Rather than trying to appease his fiercest critics, Lincoln understood how liberal democracy worked in the real world and risked political failure at times by not following his conscience. Although it might have appeared that Lincoln was compromising his own principles, he was in fact working behind the scenes to bring about an even greater change to the political and social landscape of the country.

In addition to addressing the character of Lincoln, Chapter 2 also discusses many pivotal moments in 19th century American politics to better acclimate the reader to the political climate of the time. The major issue at hand for much of the first part of the 19th century was not whether or not slavery should be abolished in America, but whether or not it should be allowed to spread into the new territories that America had acquired through the Louisiana Purchase and the Mexican-American War.
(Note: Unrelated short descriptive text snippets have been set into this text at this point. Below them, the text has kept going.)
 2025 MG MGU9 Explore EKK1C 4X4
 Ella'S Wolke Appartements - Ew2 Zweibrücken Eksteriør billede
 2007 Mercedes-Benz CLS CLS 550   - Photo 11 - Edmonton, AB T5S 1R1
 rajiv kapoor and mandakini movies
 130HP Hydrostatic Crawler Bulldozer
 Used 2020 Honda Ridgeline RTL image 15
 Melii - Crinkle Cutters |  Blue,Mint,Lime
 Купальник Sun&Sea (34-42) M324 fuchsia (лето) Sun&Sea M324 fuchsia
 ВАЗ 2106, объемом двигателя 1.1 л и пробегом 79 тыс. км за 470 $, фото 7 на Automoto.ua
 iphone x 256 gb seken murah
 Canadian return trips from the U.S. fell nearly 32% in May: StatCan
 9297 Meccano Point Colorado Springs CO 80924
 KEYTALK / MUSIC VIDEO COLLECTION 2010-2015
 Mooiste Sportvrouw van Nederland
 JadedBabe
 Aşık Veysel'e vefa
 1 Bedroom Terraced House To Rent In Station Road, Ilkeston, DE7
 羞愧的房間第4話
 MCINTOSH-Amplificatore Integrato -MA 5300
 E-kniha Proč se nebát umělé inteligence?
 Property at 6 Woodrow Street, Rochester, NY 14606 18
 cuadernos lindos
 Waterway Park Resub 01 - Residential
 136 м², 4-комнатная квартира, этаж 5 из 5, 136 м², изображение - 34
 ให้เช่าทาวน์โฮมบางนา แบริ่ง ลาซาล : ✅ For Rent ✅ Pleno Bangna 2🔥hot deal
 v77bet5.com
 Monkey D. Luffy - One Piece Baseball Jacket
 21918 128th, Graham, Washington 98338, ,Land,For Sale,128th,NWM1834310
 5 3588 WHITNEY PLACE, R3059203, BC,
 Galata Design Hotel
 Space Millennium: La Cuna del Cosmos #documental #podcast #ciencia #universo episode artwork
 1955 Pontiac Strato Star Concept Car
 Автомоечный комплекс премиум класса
As a substantial amount of this territory was in the “South,” it made sense to many Southern lawmakers in Congress that slavery would exist in these territories.

However, this troubled many Northern politicians because they believed that adding more slave states to the Union would give the South even more power in Congress than it already had. This was due primarily to the fact that representation in the House of Representatives was based upon population. The greater the population of a state, the more representatives it had, and thus the greater its voting power. Although slaves were not considered to be American citizens and were not allowed to vote, they did count towards the population of a state, thus inflating the populations of the Southern states. Because of this, an original compromise had been struck between the North and South in which each slave would count as 3/5 of a person—The Three-Fifth’s Compromise.

Northerners feared that if slavery continued, they would eventually lose power, especially since at this point in history, parties were very much divided along geographical lines. Democrats were primarily Southern, pro-slavery landed aristocrats, and Northerners were generally industrial Whigs and Republicans who either were ambivalent towards slavery or against it.